> **DATA TO EXAMINE**
────────────────
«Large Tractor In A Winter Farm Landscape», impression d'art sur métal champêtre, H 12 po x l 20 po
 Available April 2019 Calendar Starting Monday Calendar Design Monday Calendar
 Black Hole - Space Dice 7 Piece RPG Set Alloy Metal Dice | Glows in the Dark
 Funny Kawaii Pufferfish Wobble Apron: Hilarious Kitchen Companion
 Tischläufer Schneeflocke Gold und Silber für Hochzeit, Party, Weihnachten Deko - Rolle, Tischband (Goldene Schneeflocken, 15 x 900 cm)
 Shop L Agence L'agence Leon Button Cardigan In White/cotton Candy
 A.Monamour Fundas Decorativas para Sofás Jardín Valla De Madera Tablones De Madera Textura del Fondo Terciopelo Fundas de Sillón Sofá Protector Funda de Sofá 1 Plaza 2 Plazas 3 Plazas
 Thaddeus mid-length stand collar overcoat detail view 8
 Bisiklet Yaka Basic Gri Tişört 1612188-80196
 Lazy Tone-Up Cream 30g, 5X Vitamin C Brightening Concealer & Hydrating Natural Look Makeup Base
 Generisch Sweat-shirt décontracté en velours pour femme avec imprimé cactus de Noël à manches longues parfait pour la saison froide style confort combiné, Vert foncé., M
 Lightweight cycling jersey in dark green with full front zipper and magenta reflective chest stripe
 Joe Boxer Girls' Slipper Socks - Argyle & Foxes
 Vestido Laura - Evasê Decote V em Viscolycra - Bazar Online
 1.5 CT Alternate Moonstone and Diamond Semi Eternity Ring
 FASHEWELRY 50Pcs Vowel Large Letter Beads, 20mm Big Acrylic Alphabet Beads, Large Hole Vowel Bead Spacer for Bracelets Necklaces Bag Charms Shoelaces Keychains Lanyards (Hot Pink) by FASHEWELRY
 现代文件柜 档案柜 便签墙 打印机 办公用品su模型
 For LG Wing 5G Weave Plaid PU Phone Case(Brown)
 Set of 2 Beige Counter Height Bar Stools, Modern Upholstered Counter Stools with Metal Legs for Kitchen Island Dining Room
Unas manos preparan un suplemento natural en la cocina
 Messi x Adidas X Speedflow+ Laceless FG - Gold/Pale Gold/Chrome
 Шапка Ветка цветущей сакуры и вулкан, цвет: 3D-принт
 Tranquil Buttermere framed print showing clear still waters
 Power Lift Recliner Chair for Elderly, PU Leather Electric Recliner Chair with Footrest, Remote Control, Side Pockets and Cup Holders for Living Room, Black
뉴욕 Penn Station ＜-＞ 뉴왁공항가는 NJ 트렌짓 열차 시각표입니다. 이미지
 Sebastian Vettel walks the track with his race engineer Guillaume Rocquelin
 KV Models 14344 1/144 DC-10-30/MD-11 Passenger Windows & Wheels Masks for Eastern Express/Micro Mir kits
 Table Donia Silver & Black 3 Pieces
────────────────
> **TASK INSTRUCTIONS**
Tally, across the records, each line that contains the word "Kitchen", and answer with nothing except the count.

> **WRITTEN ANSWER**
2